__EXERCISE__. Write out again the lines from the line with "Used 2024 Kia" up to and including the line with "Juguetes de baño para", exactly as they stand below, and skip any picture.

__DATA FOR THE TASK__.
=== Section Start ===

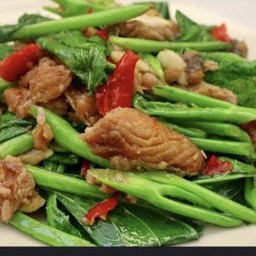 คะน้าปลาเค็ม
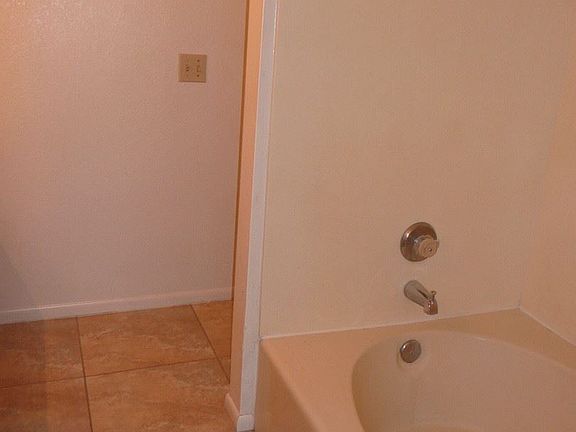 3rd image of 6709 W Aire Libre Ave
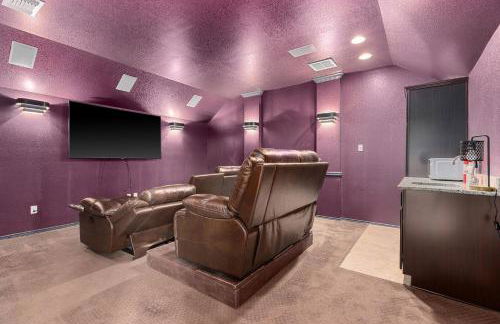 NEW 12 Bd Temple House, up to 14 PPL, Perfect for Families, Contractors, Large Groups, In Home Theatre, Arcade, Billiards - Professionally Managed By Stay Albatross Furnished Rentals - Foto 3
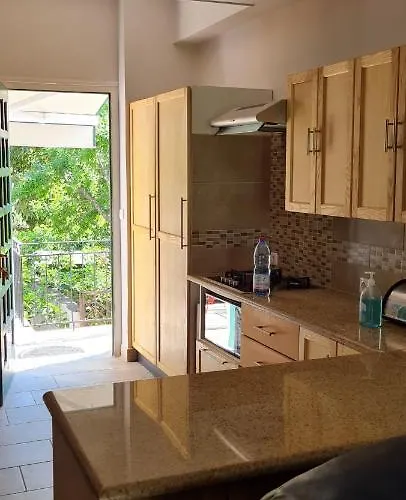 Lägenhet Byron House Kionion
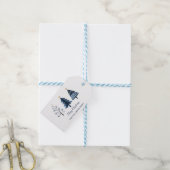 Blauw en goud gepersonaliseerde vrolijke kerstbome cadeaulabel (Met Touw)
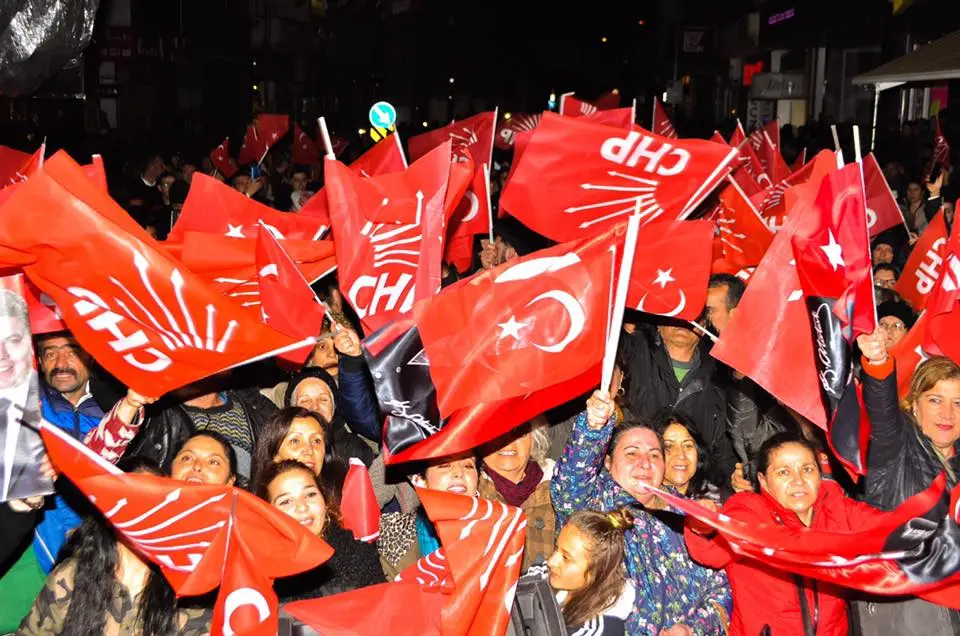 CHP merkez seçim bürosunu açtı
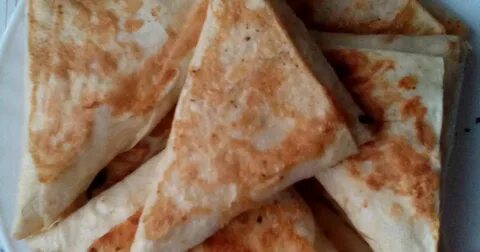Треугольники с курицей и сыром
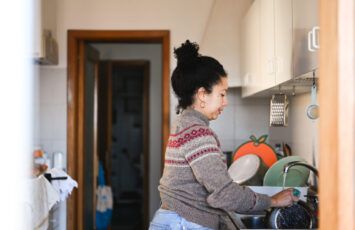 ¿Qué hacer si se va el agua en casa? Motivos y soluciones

=== Section End ===
=== Section Start ===

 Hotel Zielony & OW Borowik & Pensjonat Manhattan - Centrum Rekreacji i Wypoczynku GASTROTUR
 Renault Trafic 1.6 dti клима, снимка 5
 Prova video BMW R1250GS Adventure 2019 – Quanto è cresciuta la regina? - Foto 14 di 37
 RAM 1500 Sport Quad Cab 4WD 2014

=== Section End ===
=== Section Start ===

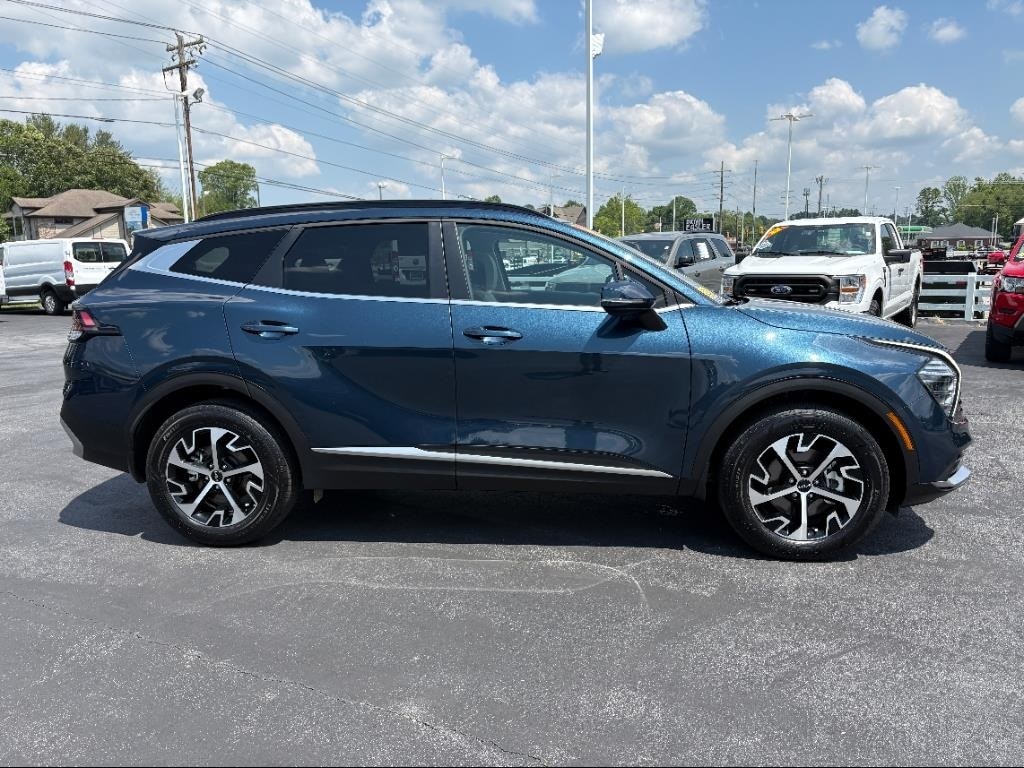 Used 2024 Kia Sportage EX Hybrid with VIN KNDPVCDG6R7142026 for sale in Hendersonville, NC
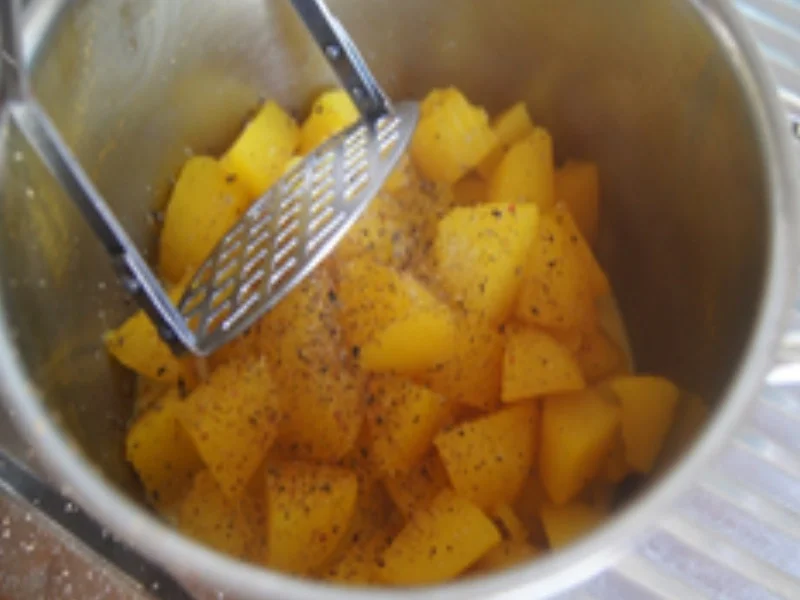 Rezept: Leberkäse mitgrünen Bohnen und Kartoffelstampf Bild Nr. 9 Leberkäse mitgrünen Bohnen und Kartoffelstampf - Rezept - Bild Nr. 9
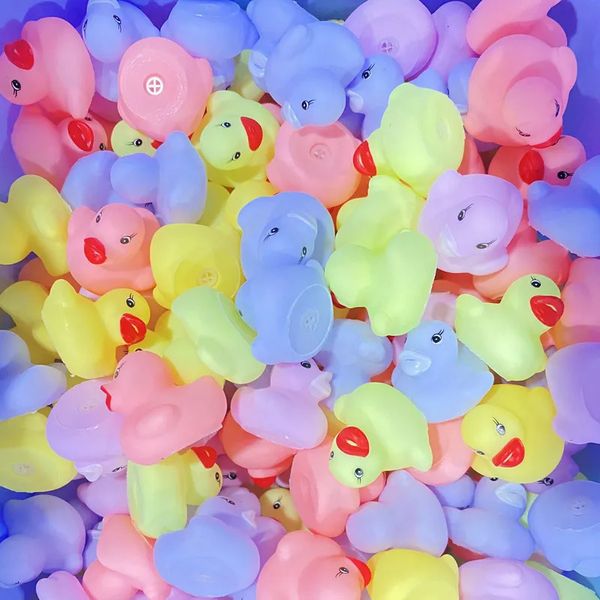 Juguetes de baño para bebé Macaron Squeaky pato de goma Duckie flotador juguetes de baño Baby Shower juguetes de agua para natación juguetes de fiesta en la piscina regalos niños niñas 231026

=== Section End ===

__EXERCISE ANSWER__.
 Used 2024 Kia Sportage EX Hybrid with VIN KNDPVCDG6R7142026 for sale in Hendersonville, NC
 Rezept: Leberkäse mitgrünen Bohnen und Kartoffelstampf Bild Nr. 9 Leberkäse mitgrünen Bohnen und Kartoffelstampf - Rezept - Bild Nr. 9
 Juguetes de baño para bebé Macaron Squeaky pato de goma Duckie flotador juguetes de baño Baby Shower juguetes de agua para natación juguetes de fiesta en la piscina regalos niños niñas 231026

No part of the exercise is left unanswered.